SPOİLER VERMEYİN, LÜTFEN!

KEYİFLİ OKUMALAR
SNMNURGYK

Gözlerim kapalı olduğu halde bilincim yavaş yavaş açılıyordu. Bunu bildiğim halde ısrarla açmadım gözlerimi. Zihnime sızan keskin bir gerçeklik uykumu aralıyor ve benden uzaklaşmasına neden oluyordu. Bilincim tam anlamıyla açılmıştı. Bu saatten sonra istesem de uyuyamayacağımı biliyordum. Bu sebeple de kendimi güne hazırlamayı deniyordum.

Saatin epey bir geç olduğunu anlamıştım. Bugün dershane yoktu ve ben uyumayı fazlaca seven, aynı zamanda uyurken günün boşa gittiğine inanmayan bir insandım. Evren, öğlen olduğunu bana anlatmak ister gibi bütün gün ışıklarını pencereme göndermişti. Ben ise yeni uyanmanın da verdiği etkiyle aralamaya çalıştığım gözlerimi hissetmiyordum.

Henüz kalkmayı düşünmüyordum. Uyandığım halde yatakta yatmaya bayılıyordum çünkü. Aynı zamanda fazlaca eriniyordum. Bu isteksizliğin bedenimi terk etmesini beklemek için bir müddet yatakta vakit geçiriyordum. Bunu yapmayı oldukça seviyor ve kendimi güne hazırlanmış hissediyordum.

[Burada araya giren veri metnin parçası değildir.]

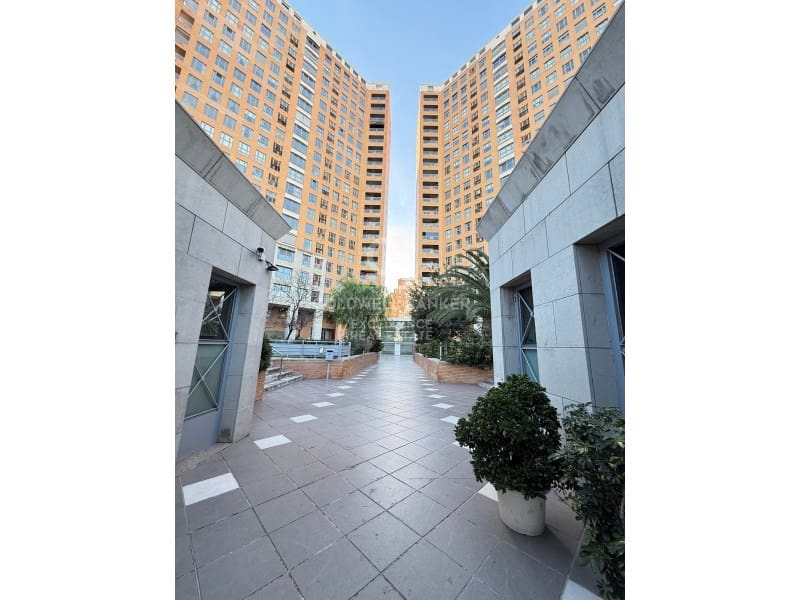 3 quarto Apartamento para arrendar em Valencia cidade com garagem - 2 100 € (Ref: 9504689)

Bu süre zarfında haddinden çok düşünüyordum. Öyle ki düşünmek benim için bir hastalık boyutuna gelmişti. Ve bu hastalık benim zihnimi ele geçirmeye başlamıştı. Sorguluyordum, merak ediyordum, hissediyordum.

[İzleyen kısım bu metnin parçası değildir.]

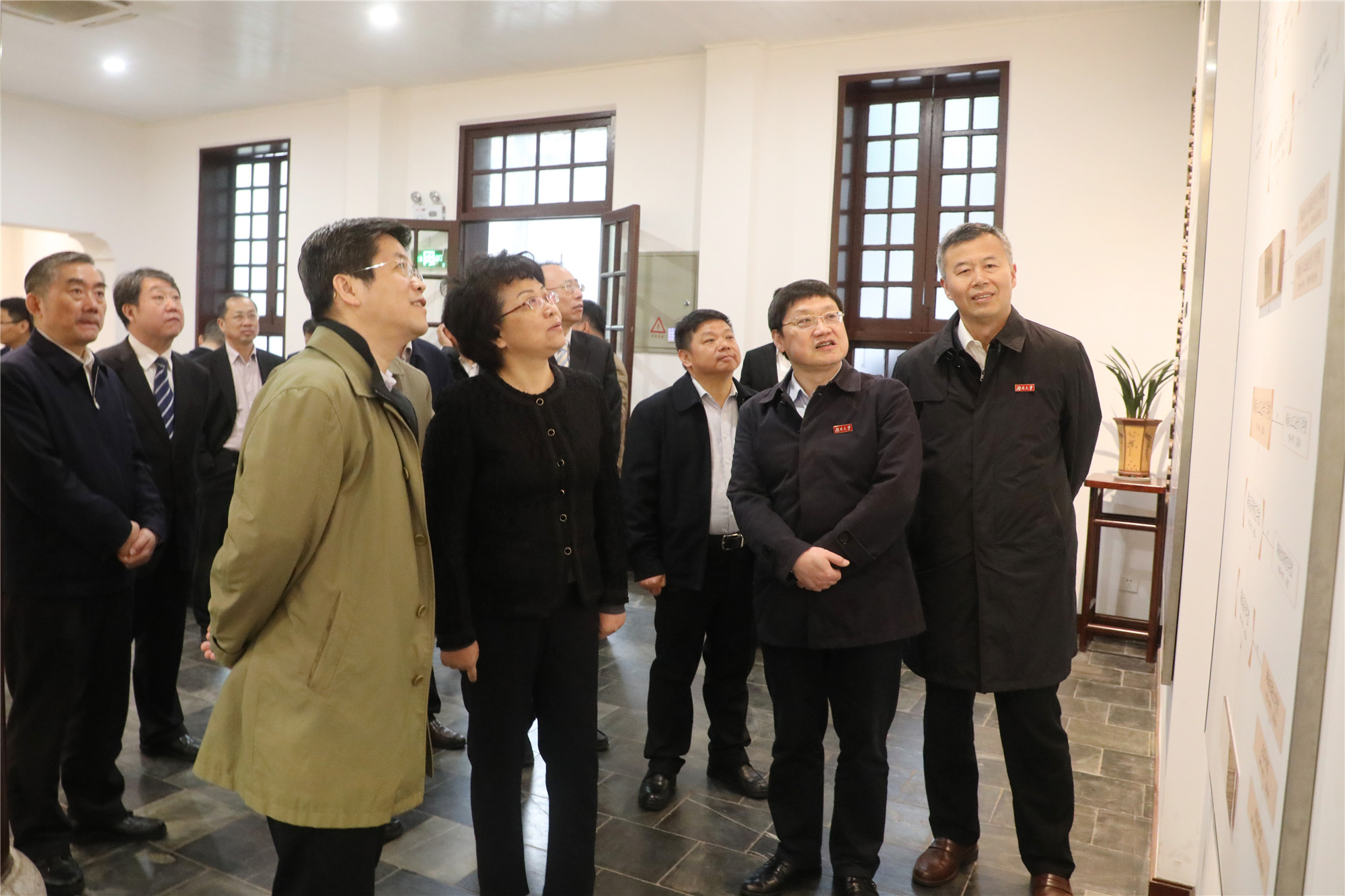 教育部党组成员、副部长翁铁慧一行来校考察(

Kendimi, benliğimi, geçmişi, geleceği kaderi, yaşadıklarımı, olanları, yaşamı, hayatımı...

Hayatım...

Acaba bir daha bu kadar büyük bir değişikliğe uğrar mıydı?

Kendim...

Dahası ben kimdim?

On dokuz yaşında liseden yeni mezun olmuş, Altan soyisminin verdiği yükle başarılı bir insan olmak için üniversite sınavına hazırlanan Mira.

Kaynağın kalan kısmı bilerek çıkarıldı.